His finger twitched on the trigger.  “Stay there!”

“Don’t you want to embrace your daughter as she bleeds to death?” She held out her bloody hands.

He gritted his teeth.  “You’re not my daughter.”

The tapping by him became more insistent.  Sweat rolled down his forehead. 

“I’m your blood,” she growled.

A drop of sweat rolled off his brow into his eye.  Brackham blinked.

Kath flicked her hands.  She dodged as the pooled crimson hit him in the face.

Brackham yelled, cringing reflexively from the blood.  The M22A2 went off, chattering a burst of Quicksilver that punched smoking holes in the concrete wall.

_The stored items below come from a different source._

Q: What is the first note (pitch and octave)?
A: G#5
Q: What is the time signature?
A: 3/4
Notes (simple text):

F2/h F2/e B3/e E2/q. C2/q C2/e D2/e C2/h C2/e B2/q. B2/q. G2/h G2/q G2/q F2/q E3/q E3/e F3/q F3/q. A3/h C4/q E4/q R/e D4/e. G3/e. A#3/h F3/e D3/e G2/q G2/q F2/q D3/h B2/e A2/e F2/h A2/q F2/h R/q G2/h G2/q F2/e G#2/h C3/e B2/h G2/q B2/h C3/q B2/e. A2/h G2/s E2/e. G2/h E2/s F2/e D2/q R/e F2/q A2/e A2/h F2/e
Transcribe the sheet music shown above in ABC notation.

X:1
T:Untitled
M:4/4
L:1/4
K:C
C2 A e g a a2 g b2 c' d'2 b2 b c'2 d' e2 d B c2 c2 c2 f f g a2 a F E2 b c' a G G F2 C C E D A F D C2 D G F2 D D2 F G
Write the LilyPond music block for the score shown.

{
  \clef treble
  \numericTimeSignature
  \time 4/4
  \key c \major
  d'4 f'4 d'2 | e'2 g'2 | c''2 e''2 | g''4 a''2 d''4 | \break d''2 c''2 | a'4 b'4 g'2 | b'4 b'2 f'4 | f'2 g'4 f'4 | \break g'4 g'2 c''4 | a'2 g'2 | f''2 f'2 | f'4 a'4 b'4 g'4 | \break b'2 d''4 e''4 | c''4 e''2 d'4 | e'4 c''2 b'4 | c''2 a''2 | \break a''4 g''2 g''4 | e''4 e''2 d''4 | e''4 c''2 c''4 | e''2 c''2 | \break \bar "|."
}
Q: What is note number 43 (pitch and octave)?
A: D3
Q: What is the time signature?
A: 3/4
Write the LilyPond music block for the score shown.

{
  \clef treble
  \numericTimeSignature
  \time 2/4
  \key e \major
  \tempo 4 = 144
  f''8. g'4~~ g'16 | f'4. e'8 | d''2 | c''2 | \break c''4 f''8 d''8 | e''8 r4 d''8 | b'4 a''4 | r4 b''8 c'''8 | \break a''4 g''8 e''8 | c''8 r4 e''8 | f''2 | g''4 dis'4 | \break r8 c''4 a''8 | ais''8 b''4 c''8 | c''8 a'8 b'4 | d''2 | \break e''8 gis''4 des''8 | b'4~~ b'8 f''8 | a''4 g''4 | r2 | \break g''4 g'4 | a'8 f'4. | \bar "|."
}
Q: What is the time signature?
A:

She dove under the platform the cylinder sat on as he swung the gun, spraying a line of hissing bullets.  Even through the Mortallis, Kath felt the jolt of pain as she belly-flopped on the floor.

The target was in sight. 

She grabbed his leg and yanked.  Brackham toppled, she heard his head smack the adjacent cylinder.  The rifle clattered on the floor.  She swarmed over his prone body, grabbing the weapon before her dazed father could reach it.

If he was her father.

“Be still!” She ordered as he struggled.  A backhand across his face made him obey.  The jolt made pain shoot through her body. 

Colors flicked through her vision in a torrent.  The clarity had vanished.  Her heart hammered erratically.  She grabbed his shirt and ripped the fabric off his chest.

“Hey!”

She ignored him, folding the cloth and pressing it into the wound.  She grabbed his belt off and cinched the cloth into place to keep pressure on it.  At best, it might keep her conscious a few minutes more.

Enough time to decide how to finish this.